◆ **Task item**:
Produce exactly the lines from the one holding "Kerkado - Foto 4, wardrobe" through the last line of the data below, with every picture left out.

Image-caption web data
- - -

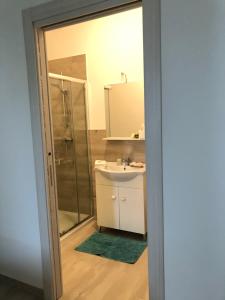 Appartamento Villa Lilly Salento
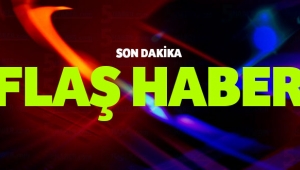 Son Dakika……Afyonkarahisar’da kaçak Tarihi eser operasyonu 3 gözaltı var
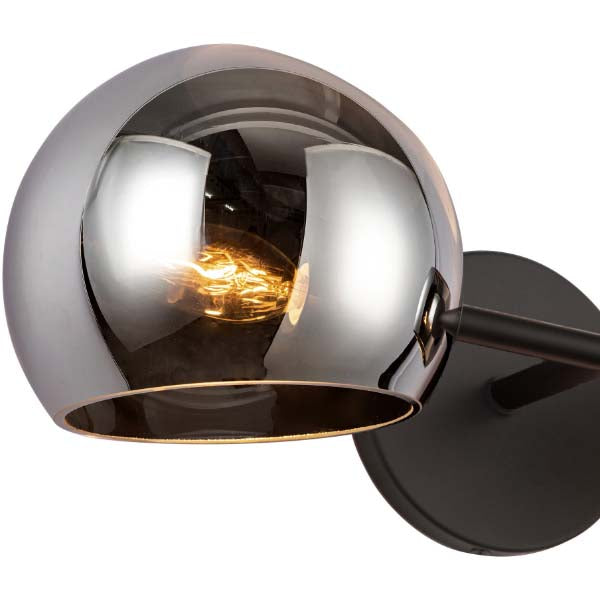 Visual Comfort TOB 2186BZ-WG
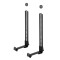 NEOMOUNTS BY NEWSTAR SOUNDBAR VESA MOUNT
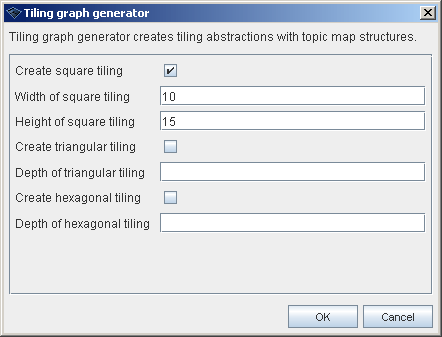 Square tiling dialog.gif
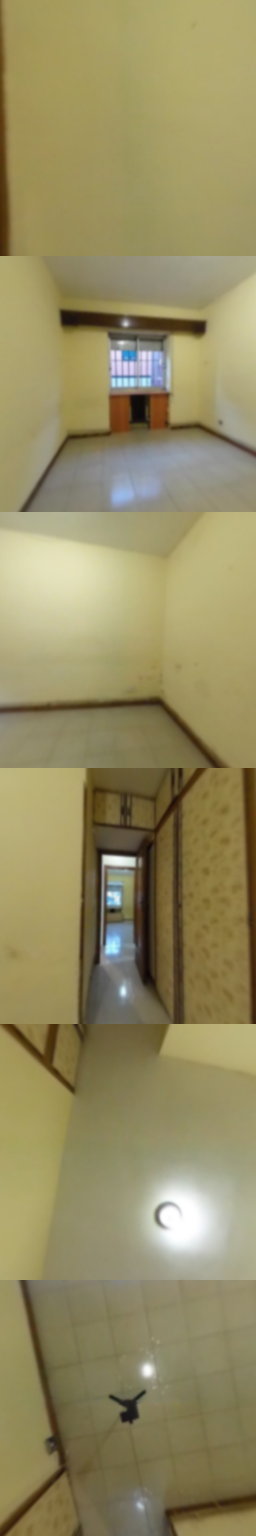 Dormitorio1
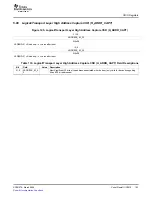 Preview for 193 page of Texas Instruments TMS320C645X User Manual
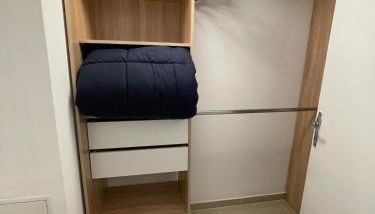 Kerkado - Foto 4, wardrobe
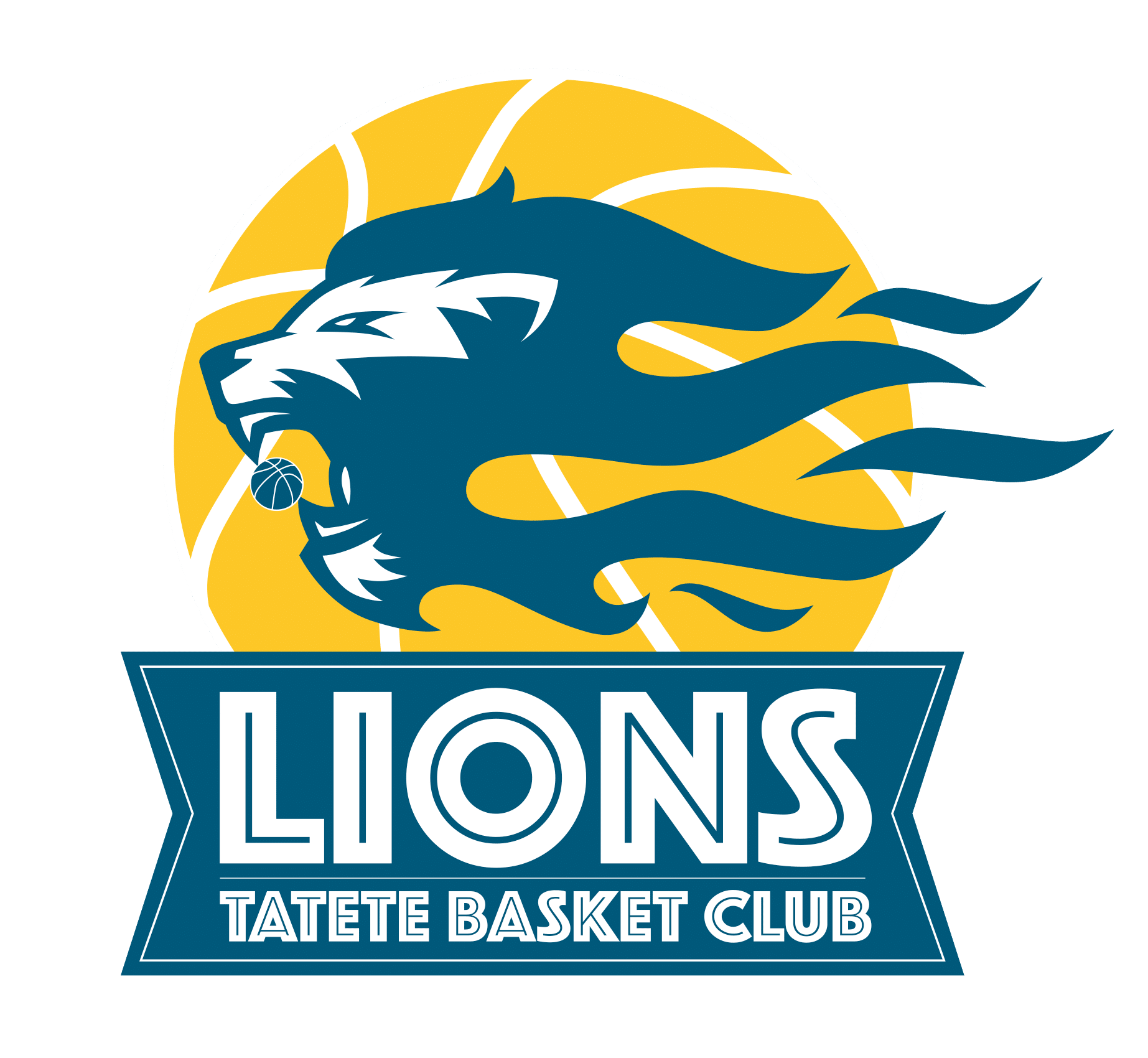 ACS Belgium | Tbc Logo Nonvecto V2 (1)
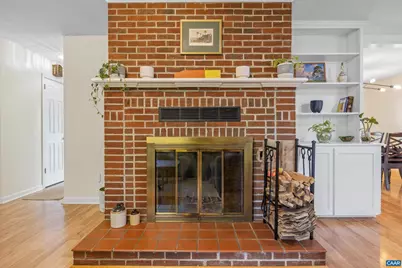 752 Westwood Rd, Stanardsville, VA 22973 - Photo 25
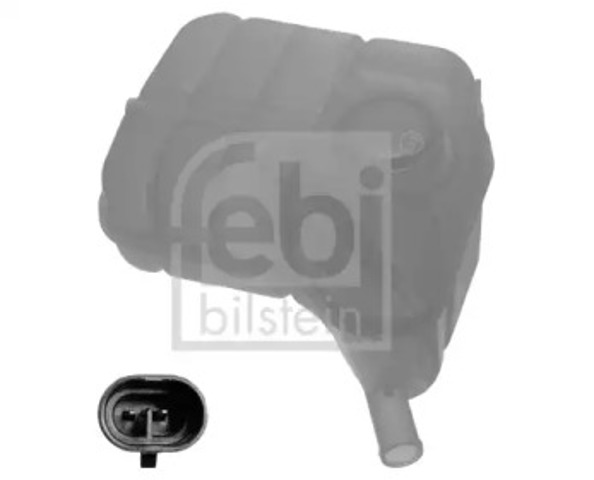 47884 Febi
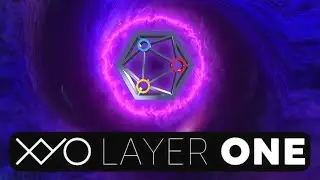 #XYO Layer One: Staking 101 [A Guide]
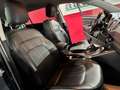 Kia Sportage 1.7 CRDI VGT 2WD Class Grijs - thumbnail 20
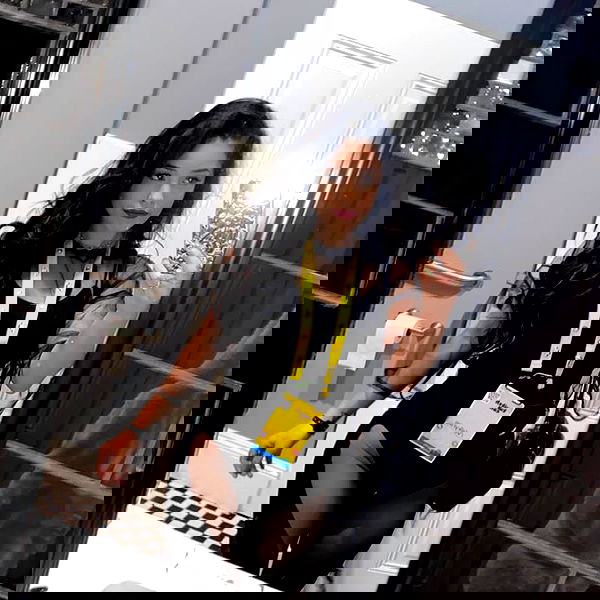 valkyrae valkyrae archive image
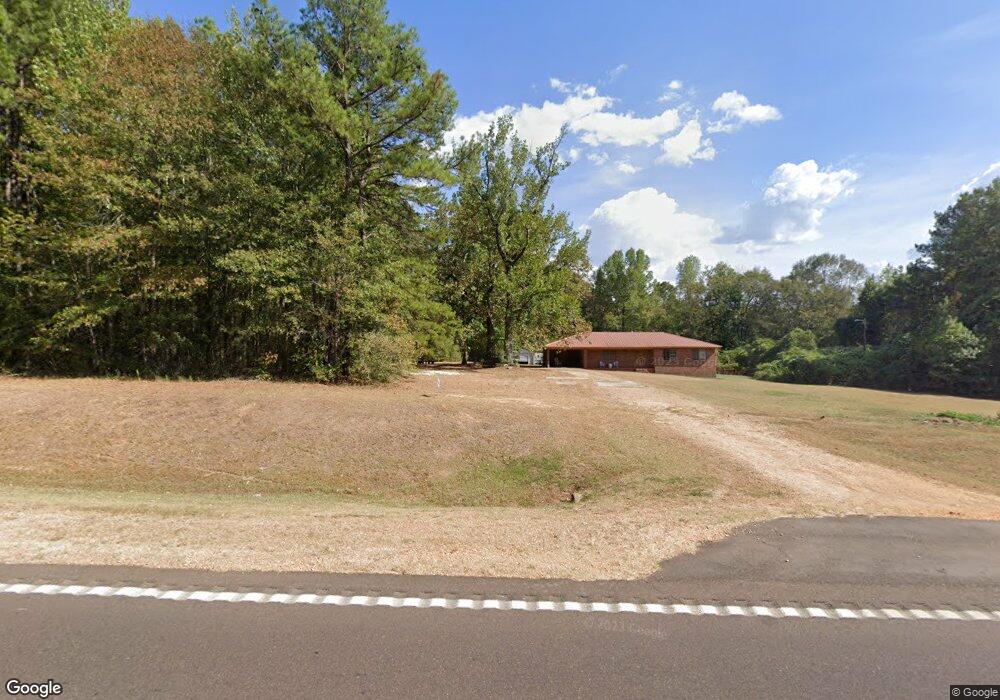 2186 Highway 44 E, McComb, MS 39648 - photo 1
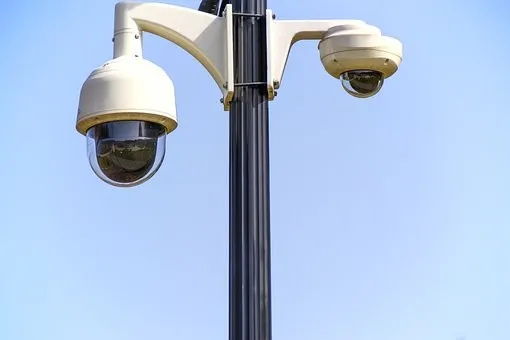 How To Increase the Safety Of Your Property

- - -

◆ **Task solution**:
 Kerkado - Foto 4, wardrobe
 ACS Belgium | Tbc Logo Nonvecto V2 (1)
 752 Westwood Rd, Stanardsville, VA 22973 - Photo 25
 47884 Febi
 #XYO Layer One: Staking 101 [A Guide]
 Kia Sportage 1.7 CRDI VGT 2WD Class Grijs - thumbnail 20
 valkyrae valkyrae archive image
 2186 Highway 44 E, McComb, MS 39648 - photo 1
 How To Increase the Safety Of Your Property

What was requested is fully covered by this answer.